## Work required
Quote the lines below from the one containing "Ilaria | Vestido" to the final line, both ends included; exclude the pictures.

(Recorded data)

^^^^

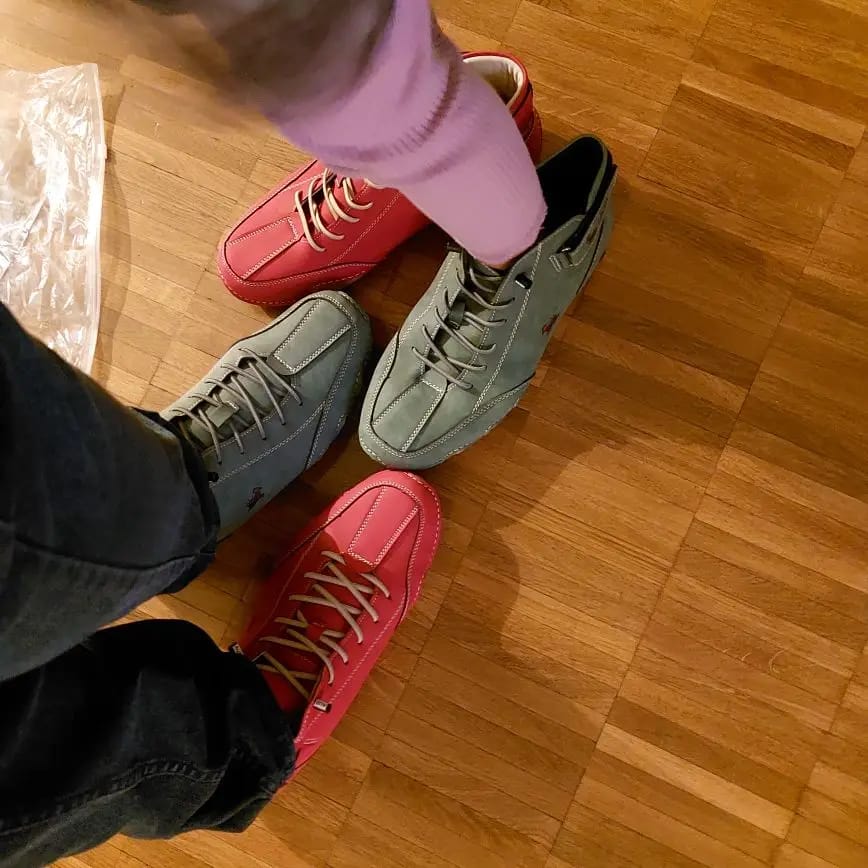 Customer photo review of Microfiber High-Top Sneakers Non-Slip Breathable Cushioned Insole Ergonomic Fit — Red | KIMLUD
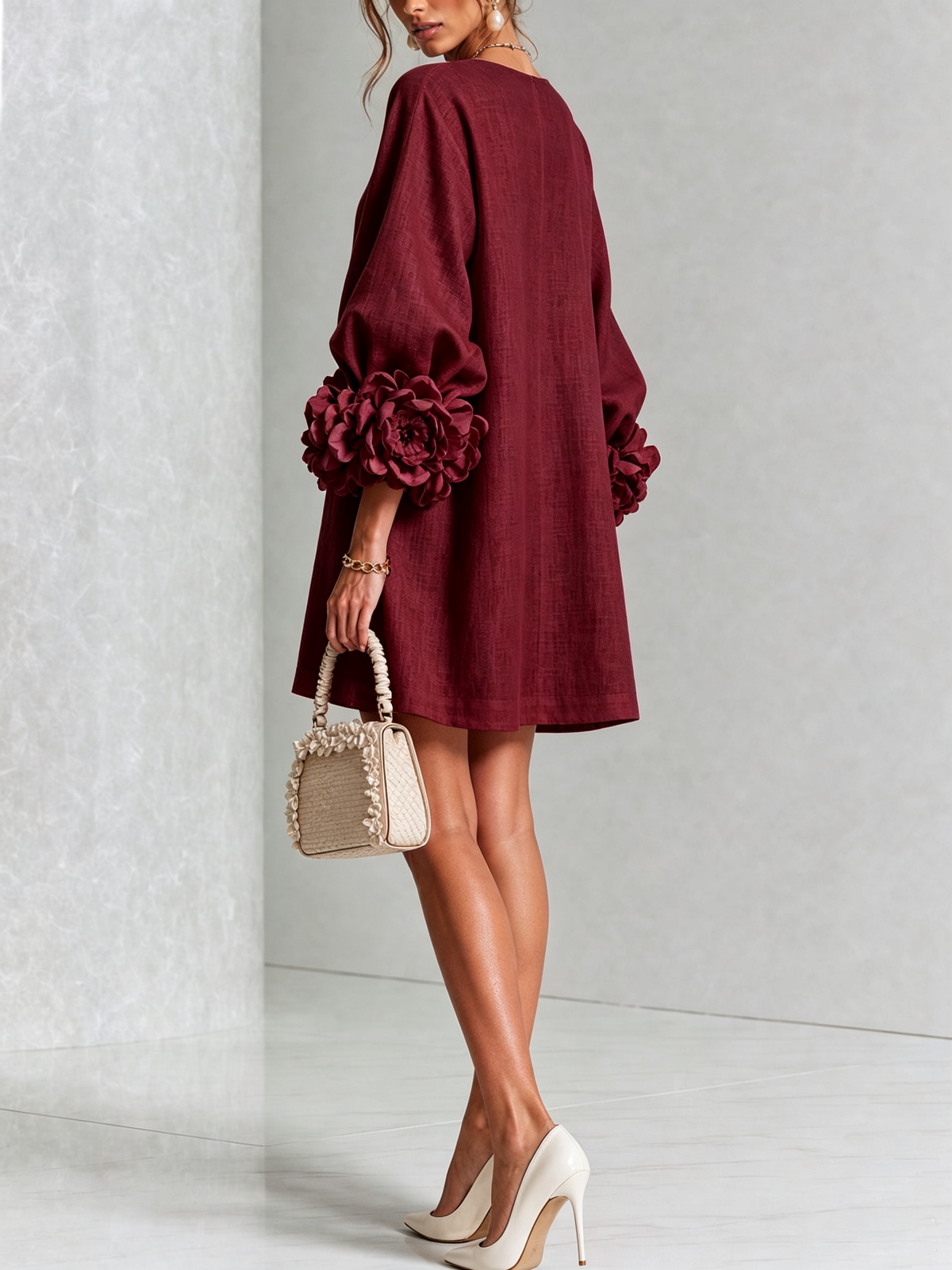 Ilaria | Vestido Mini de Lino Mezclado con Puños de Rosa, Burdeos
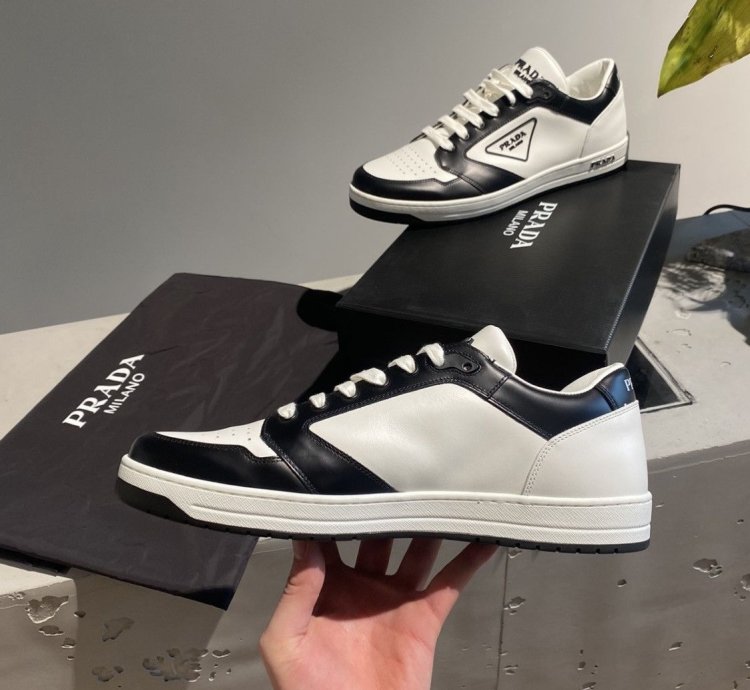 Black Week Prada District Low-top Sneaker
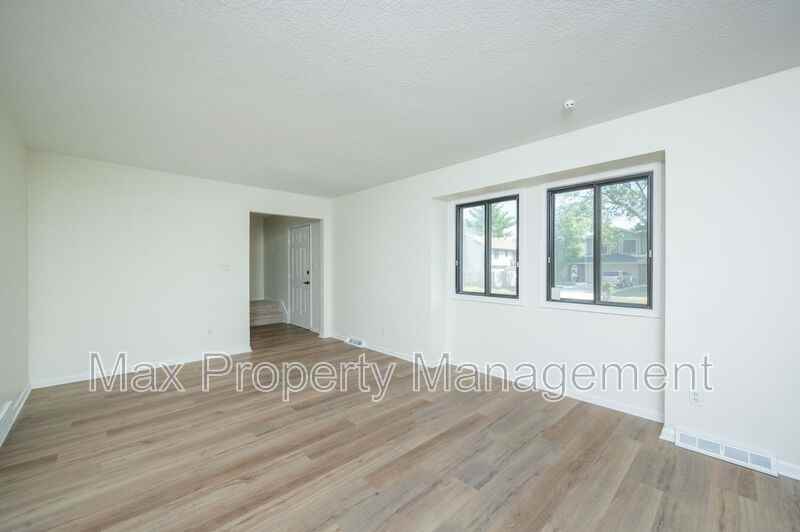 1484 Nw 91st St - Photo 3 of 27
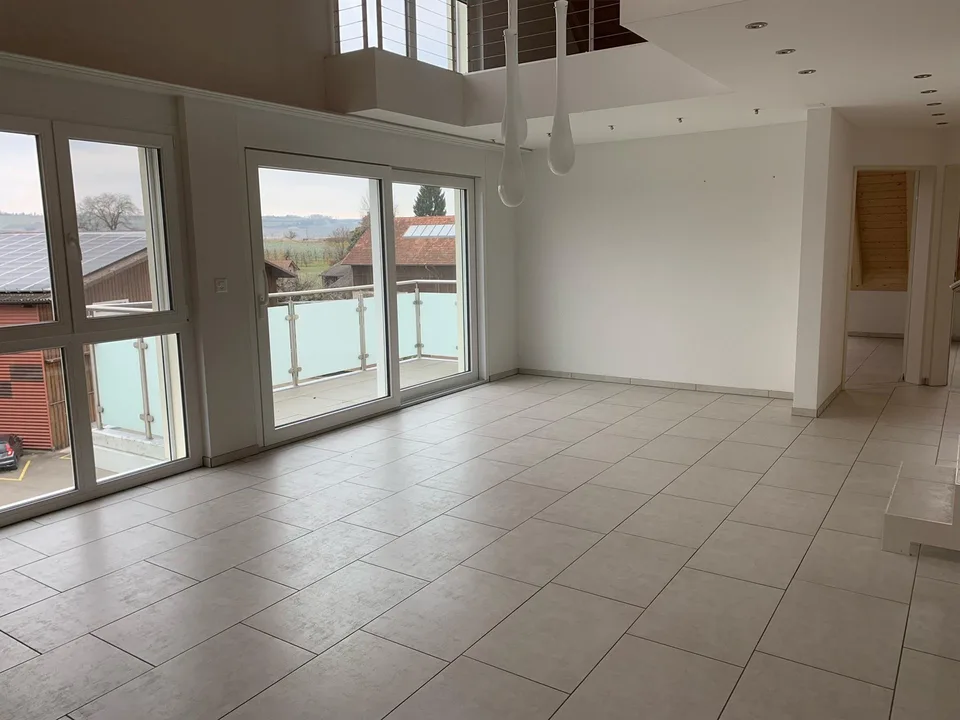 Grosse, helle Maisonette-Wohnung mit Balkon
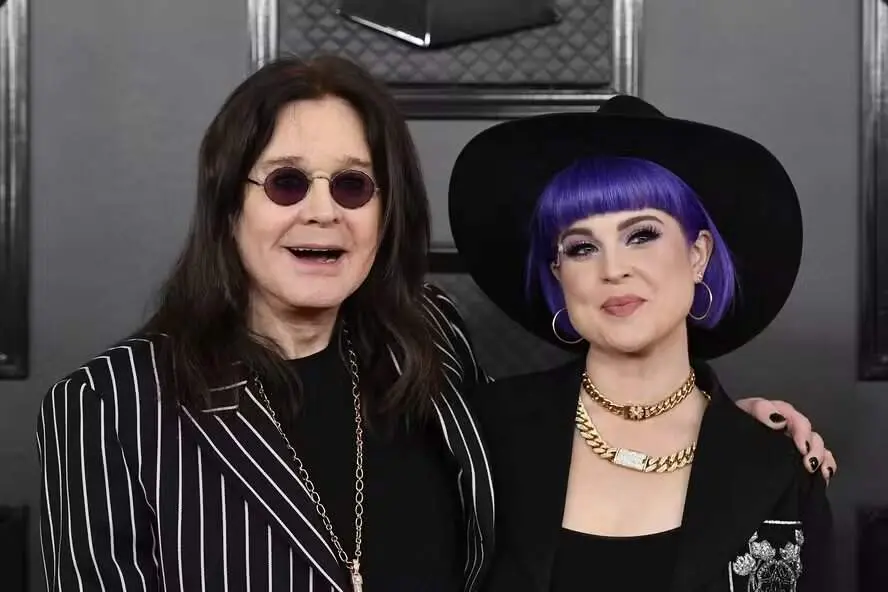 Kelly Osbourne teve uma recaída no alcoolismo após a morte do pai Ozzy Osbourne em julho de 2025. A dor do luto a deixo…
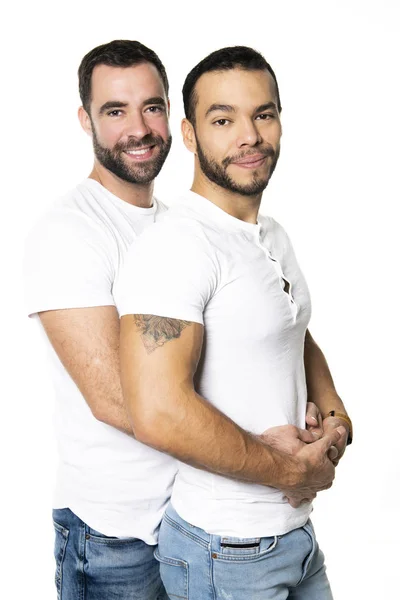 Les jeunes homosexuels couple gay s'aiment sur un fond blanc . — Photo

^^^^

## Exercise result
 Ilaria | Vestido Mini de Lino Mezclado con Puños de Rosa, Burdeos
 Black Week Prada District Low-top Sneaker
 1484 Nw 91st St - Photo 3 of 27
 Grosse, helle Maisonette-Wohnung mit Balkon
 Kelly Osbourne teve uma recaída no alcoolismo após a morte do pai Ozzy Osbourne em julho de 2025. A dor do luto a deixo…
 Les jeunes homosexuels couple gay s'aiment sur un fond blanc . — Photo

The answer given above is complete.